De septembre 2022 à octobre 2023, l'Agence nationale de contrôle des médicaments et aliments (BPOM) en Indonésie a découvert un nombre important de produits illégaux comprenant 51 types (environ 1 million d'articles) de médicaments traditionnels (OT) contenant des produits chimiques médicaux (BKO) et 183 types (environ 1,2 million d'articles) de cosmétiques contenant des produits chimiques interdits/dangereux.

Il est rapporté que ces produits n'étaient pas officiellement enregistrés en Indonésie, et certains ont même été circulés illégalement en Indonésie. Actuellement, BPOM a pris des mesures. Le rapport souligne également qu'il y a une augmentation du nombre de cosmétiques dangereux au cours des trois dernières années, avec un taux de croissance annuel de 10 à 20 %, au minimum. Les cosmétiques contenant des colorants interdits représentaient 5 %, une quantité moindre mais avec des risques significatifs.
Les entreprises ou individus menant des activités incluant l'ajout de BKO aux médicaments traditionnels, ou l'ajout de produits chimiques interdits/dangereux aux cosmétiques ou produits non conformes peuvent faire face à des sanctions administratives ou pénales.
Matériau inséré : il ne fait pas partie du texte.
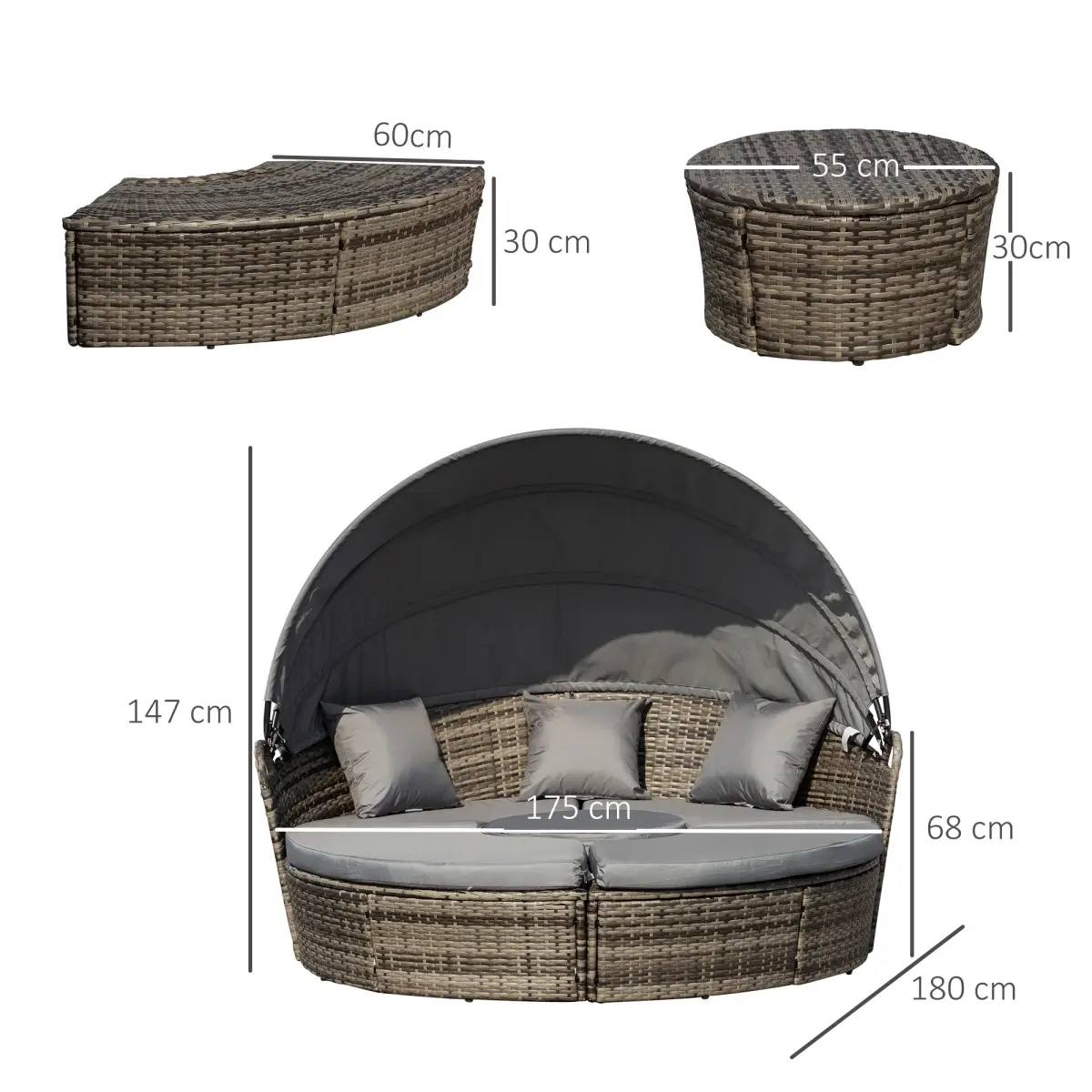 Outsunny 5 Pc Outdoor Plastic Rattan Wicker Round Sofa Bed Coffee Table Sectional Set - Garden Sofa Sets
Cependant, BPOM souhaite toujours prévenir de telles violations par une surveillance officielle.
BPOM a réorganisé ses installations de production et de distribution via ses Unités de Mise en Œuvre Technique (UPT) à l'échelle nationale. Les entreprises fabriquant, important et distribuant des médicaments traditionnels contenant des BKO ou des ingrédients illégaux sont tenues de retirer et détruire ces produits. Les entreprises fabriquant, important et distribuant des cosmétiques contenant des produits chimiques interdits/dangereux sont également tenues de retirer et détruire ces produits. Ensuite, les entreprises doivent déclarer l'inventaire détruit à BPOM. Tout cela reflète que l'Indonésie respecte son engagement envers la santé publique et la sécurité.